Since the undersigned has wholly lifted from Nabokov's lecture on Bleak House and Dickens and applied his divine ecstasies in toto to The Pioneers and Cooper it seems only fair play to ascertain greatness with the categories Nabokov employed on the former, viz, storyteller, moralist (the undersigned suggests "social commentator" as the near equivalent to and more clearly understood than "moralist"), and enchanter.
Fenimore Cooper was first and foremost a social commentator. He was an ardent, aggressive champion of American republicanism and the same as opponent of aristocracy and monarchy. A European interregnum between his lives in America converted him from part-time romancer, part-time social commentator to full-time social commentator.
The Pioneers, the earliest of The Leatherstocking Tales, sub-sub-titled "A Descriptive Tale" is briefly descriptive of the new America generally: It is a "happy country" where "...under the dominion of mild laws...every man feels a direct interest in the prosperity of a commonwealth of which he knows himself to form a part." The overt social commentary in The Pioneers is how those "mild laws" are nonetheless encroaching on the liberty and the way of life of older residents, both white and red, restricting their hunting grounds and pushing them ever further away into the wilderness. Cooper had success with his second novel The Spy, a book about the Revolutionary War, and the undersigned assumes that The Spy was read in Great Britain as well as in America. There is a sense in which this commentary may have been intended as contrast for his British readership. Certainly this was: "Any of our readers who has occasion to cross the Niagara may easily observe not only the self-importance, but the real estimation enjoyed by the humblest representative of the crown...Such, and at no very distant period, was the respect paid to the military in these states, where now, happily, no symbol of war is ever seen, unless at the free and fearless voice of their people." (The War of 1812 was just eleven years distant at the time of publication.)

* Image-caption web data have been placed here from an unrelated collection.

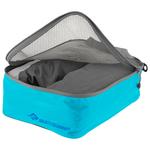 Sea To Summit Housse de rangement Ultra-Sil Garment Mesh Bag Small Blue Atoll Présentation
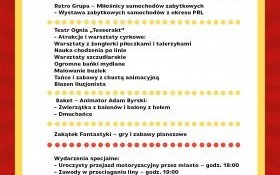 Rodzinny piknik cyrkowy już w sobotę!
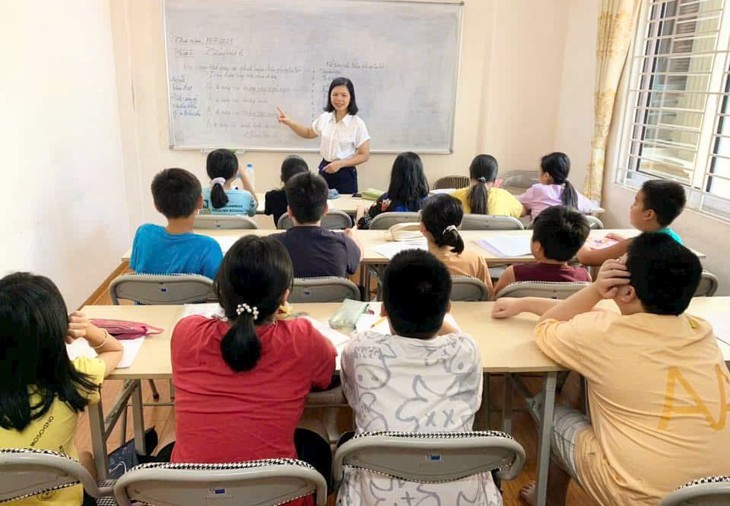 Giáo viên muốn dạy thêm hè 2025 cần đáp ứng những điều kiện gì?- Ảnh 1. Giáo viên muốn dạy thêm hè 2025 cần đáp ứng những điều kiện gì?- Ảnh 1.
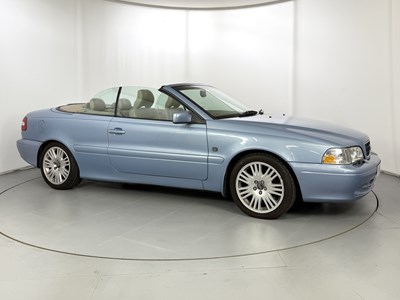 Lot 106 - 2005 Volvo C70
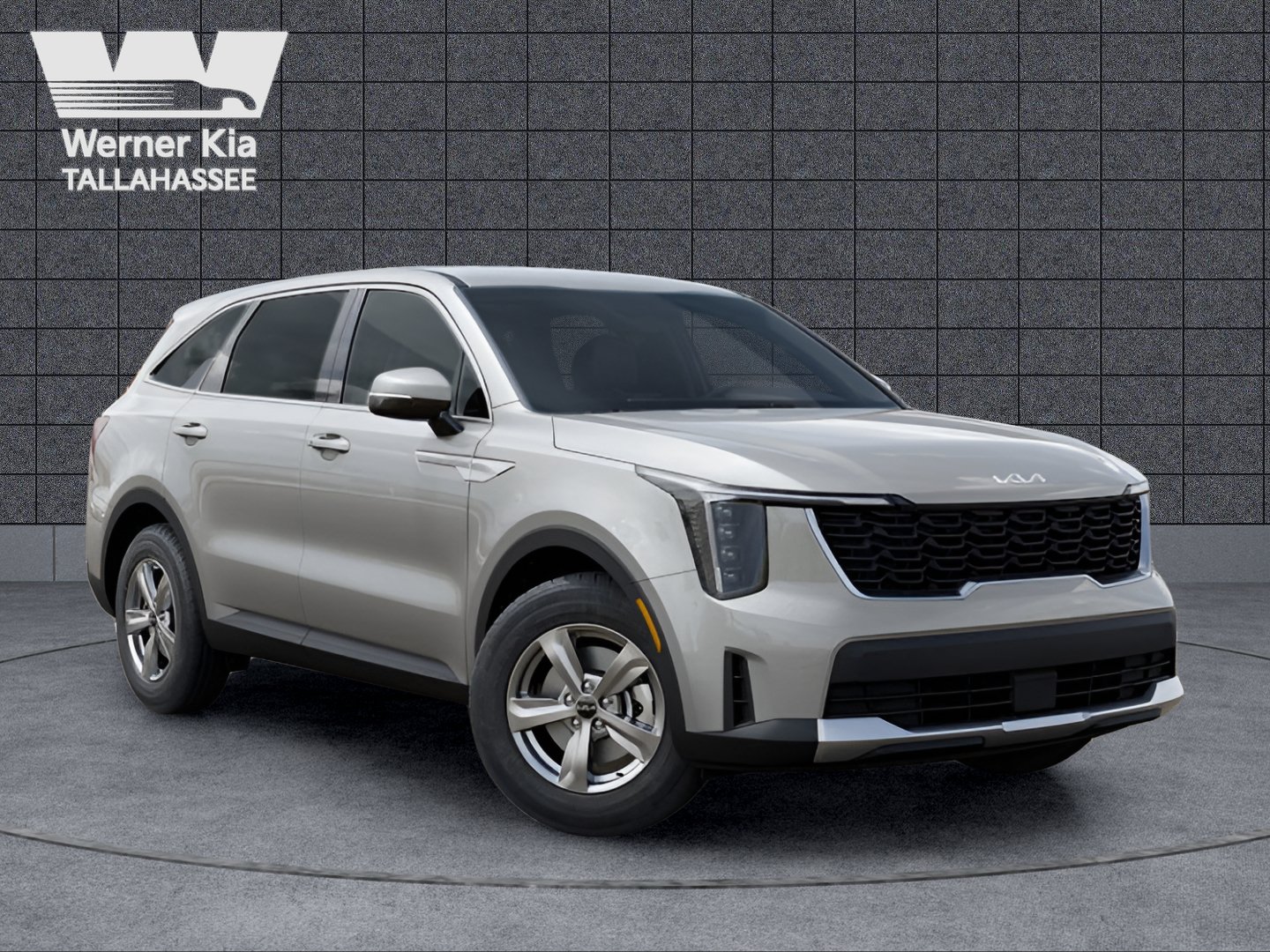 New 2026 Kia Sorento LX FWD image 8
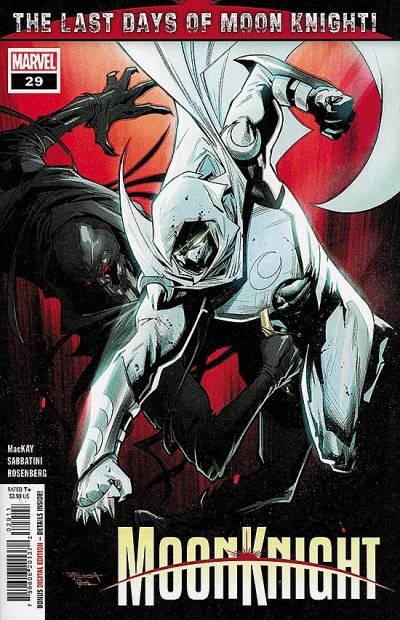 Moon Knight (2021)   n° 29 - Marvel Comics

Cooper also provides a window onto the differences among two of the new states of the New Republic, formerly colonies of Great Britain, New York and Pennsylvania, with a word or two on New Jersey. "The habits and language" of Marmaduke/William "were somewhat marked by [the] peculiarities" of his Quaker upbringing and to his death "when much interested or agitated" he would "speak in the language of his youth." We know of course that there is a Southern idiom, a Massachusetts idiom, a "Lon Gisland" idiom; some of us know that there is also a western Pennsylvania idiom. The undersigned does not know however what the Quaker idiom may have been and the only instances that he can recall in the speech pattern of Marmaduke/William as recorded by Fenimore Cooper are an old-fashioned use of "thy" and "thou" and so forth.

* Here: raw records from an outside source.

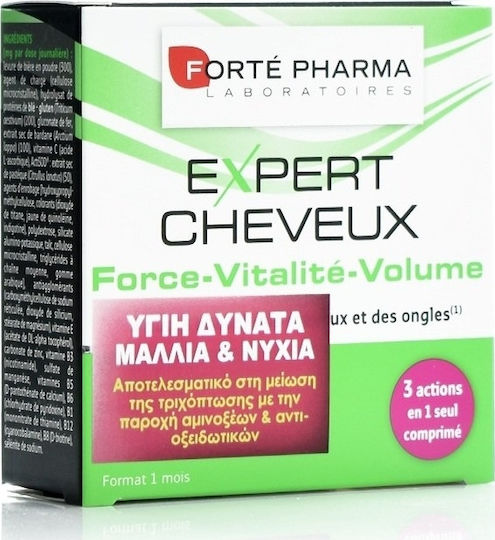 Forte Pharma Expert Косата и Ноктите Специална Хранителна Добавка 28 Таблетки
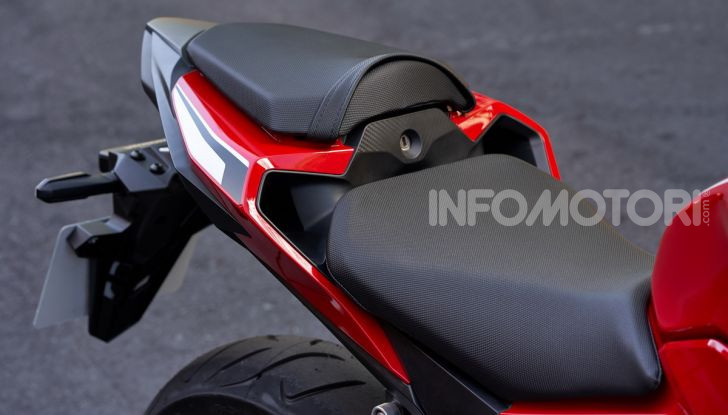 Prova Honda CBR500R e CB500F 2019: caratteristiche, opinioni e prezzi - Foto 53 di 123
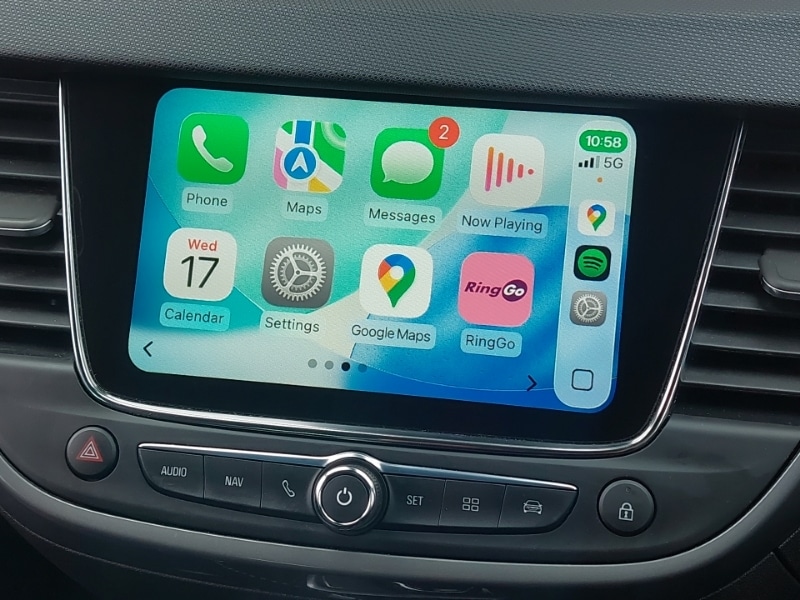 Used Vauxhall Crossland 2022 for sale - 75989719: Photo 18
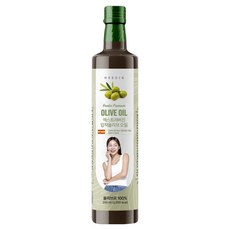 NEEDIN 特級初榨橄欖油, 1個, 250ml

Be that as it may, we must here pause. Before continuing with Cooper's illuminating commentary on the states after which we shall begin the cudgel phase of of our Cooper treatment, we must briefly interrupt these proceedings to reach back and give added vigorous whack to a former subject of "Picking Bones," James McPherson. Perhaps the most striking, certainly one of the most-quoted, oft-cited statements by McPherson in Battle Cry of Freedom is this: "Before 1861 the two words 'United States' were generally rendered as a plural noun: 'the United States are a republic.' The war marked a transition of the United States to a singular noun." McPherson offers no authority for this "general" statement. In re-reading The Pioneers (pub. 1823) for the instant posts the undersigned experienced acute exasperation at the use of the United States as a singular noun four times by the nation's first novelist cum social commentator. On the first page of the the first chapter he writes that "the numerous sources of the Susquehanna [Sources of the Susquehanna is the sub-title] meander through the valleys until, uniting their streams, they form one of the proudest rivers of the United States." On the third page (Signet Classic page 15) in a footnote Cooper writes "Sleigh is the word used in every part of the United States to denote a traineau." In Chapter VII, page 85: "Ten years later still, when England and the United States were again engaged in war..." And on page 128 in a footnote: "The divines of the Protestant Episcopal Church of the United States..." In each instance Cooper uses the singular as if it were second nature for him to so do; as if it were not the first time he had used it as such, nor the first time he had heard it used as such by others; as if, that is, the United States were generally NOT rendered as a plural noun prior to 1861. For this, James McPherson:
We now resume. "An ancestor of Marmaduke Temple [i.e. of Fenimore Cooper's father] had...come to the colony of Pennsylvania, a friend and co-religionist of its great patron." He had been a Quaker and friend of William Penn. The ancestor had been of great wealth and so unaccustomed to the rigors of the frontier. His wealth diminished as he supported his dependents and that of more ambitious settlers accustomed to hard work increased. This was "very common" in "the middle colonies" "but it was peculiarly [so] in the peaceful and unenterprising colonies of Pennsylvania and New Jersey." The Quakers were peaceful. The position of the family decreased. Fenimore Cooper's grandfather began the revival of the family, aided by marriage to a woman of means, which enabled him to send his son, William Cooper away from "the low state of the common schools in Pennsylvania" which "had been the practice in the family for the two or three preceding generations" for his education.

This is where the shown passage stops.